(Stored items)
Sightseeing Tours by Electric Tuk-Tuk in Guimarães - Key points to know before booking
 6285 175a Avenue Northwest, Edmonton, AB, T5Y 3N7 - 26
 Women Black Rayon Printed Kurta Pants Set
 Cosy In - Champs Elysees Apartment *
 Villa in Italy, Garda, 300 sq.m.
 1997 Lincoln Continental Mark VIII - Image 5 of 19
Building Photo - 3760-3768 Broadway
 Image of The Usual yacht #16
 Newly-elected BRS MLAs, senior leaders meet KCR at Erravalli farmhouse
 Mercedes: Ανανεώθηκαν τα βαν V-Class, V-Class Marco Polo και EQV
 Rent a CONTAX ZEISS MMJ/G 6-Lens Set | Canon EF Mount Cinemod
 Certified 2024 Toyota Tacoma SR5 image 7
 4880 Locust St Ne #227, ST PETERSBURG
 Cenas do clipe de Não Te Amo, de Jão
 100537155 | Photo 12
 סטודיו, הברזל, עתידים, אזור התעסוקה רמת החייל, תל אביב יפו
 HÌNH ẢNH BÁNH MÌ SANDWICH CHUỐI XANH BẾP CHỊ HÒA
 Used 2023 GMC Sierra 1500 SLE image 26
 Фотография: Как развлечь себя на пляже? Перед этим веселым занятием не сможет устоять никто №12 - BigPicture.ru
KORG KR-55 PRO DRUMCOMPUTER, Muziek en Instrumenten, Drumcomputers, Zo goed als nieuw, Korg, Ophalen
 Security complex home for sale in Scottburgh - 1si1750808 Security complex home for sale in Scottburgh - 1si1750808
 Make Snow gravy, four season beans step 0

Exercise details >> Only the lines from the line with "4880 Locust St Ne #227, ST PETERSBURG" to the final line of the entries are to be returned, each exactly as written, both ends included.

Reply to the exercise >>
 4880 Locust St Ne #227, ST PETERSBURG
 Cenas do clipe de Não Te Amo, de Jão
 100537155 | Photo 12
 סטודיו, הברזל, עתידים, אזור התעסוקה רמת החייל, תל אביב יפו
 HÌNH ẢNH BÁNH MÌ SANDWICH CHUỐI XANH BẾP CHỊ HÒA
 Used 2023 GMC Sierra 1500 SLE image 26
 Фотография: Как развлечь себя на пляже? Перед этим веселым занятием не сможет устоять никто №12 - BigPicture.ru
KORG KR-55 PRO DRUMCOMPUTER, Muziek en Instrumenten, Drumcomputers, Zo goed als nieuw, Korg, Ophalen
 Security complex home for sale in Scottburgh - 1si1750808 Security complex home for sale in Scottburgh - 1si1750808
 Make Snow gravy, four season beans step 0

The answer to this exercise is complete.